Mumsnet has not checked the qualifications of anyone posting here. If you need help urgently or expert advice, please see our domestic violence webguide and/or relationships webguide. Many Mumsnetters experiencing domestic abuse have found this thread helpful: Listen up, everybody

Help me decide what is best or least worst!

170 replies

Onepollock · 20/07/2014 05:27

I left my H 2 months ago taking our two young children to my parents. I had a long running post here which I pulled when I found he'd been accessing my MN account.

I left because the atmosphere at home had become really hostile, he was drinking heavily, name calling it ignoring me, refused counselling etc.
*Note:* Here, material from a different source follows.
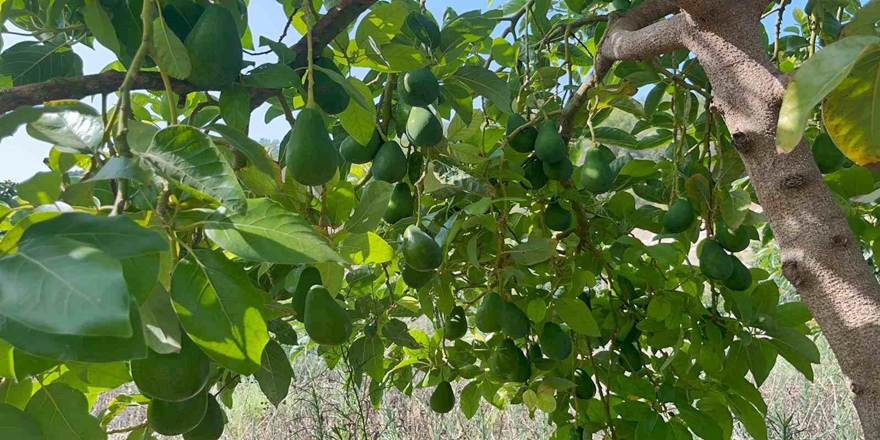 Alanya’da erkenci Clifton avokado hasadı başladı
2 months on we're no further forwards. Our oldest starts school in Sept and i'm desperate to get home so he can go on bus to school with his friends etc.

I have asked him to leave the house and he'a refused. I have now suggested one night a week and every other Fri and sat he would sleep in house with kids if he agrees not to drink. The rest of the time he would stay at a place we've been offered. This would be until end of year and then be reviewed but would at least get me back in the house. He has now suggested counselling (post seeing a lawyer whereas before he had laughed at me when i suggested it) and i've said i will go with him during this 4 month period.

however he's said no as its 'all on my terms' and I can return to either oexist with him under pre agreed terms or that we should share the house exactly 50/50.

The children aren very young (just 4 and 2.5) and aren't used to me being away from them very much. In the 2 months I've been away he hasn't contacted them at all during the week.

Would you do 50/50 to get back into the house. I think I have accepted our relationship is over but want to know what the right thing is to do for the children.

Thanks.

OP posts:
Goldmandra · 30/07/2014 08:46

It's a big shame about the injunction. I support a friend through similar and her solicitor got her the injunction.

She and the children stayed with me until he went then moved back in. It was the best thing she ever did and the injunction stayed in place for years which made access handovers much less stressful too.

There was no DV. Just controlling, unreasonable behaviour. Could you keep a diary to give you evidence?

BabySham82 · 30/07/2014 09:18

I hate the idea of forcing someone on DD and would never do that. I introduced them four months ago and since then we have spent time together as a three and also as a four. DD is really fond of both of them.

I don't want to rush things and we have already talked about how we would face issues regarding discipline in regards to our own children.

He wouldn't become more important in my life then she is. No one ever will. If she were to have siblings, they would equal her obviously but don't most children face that?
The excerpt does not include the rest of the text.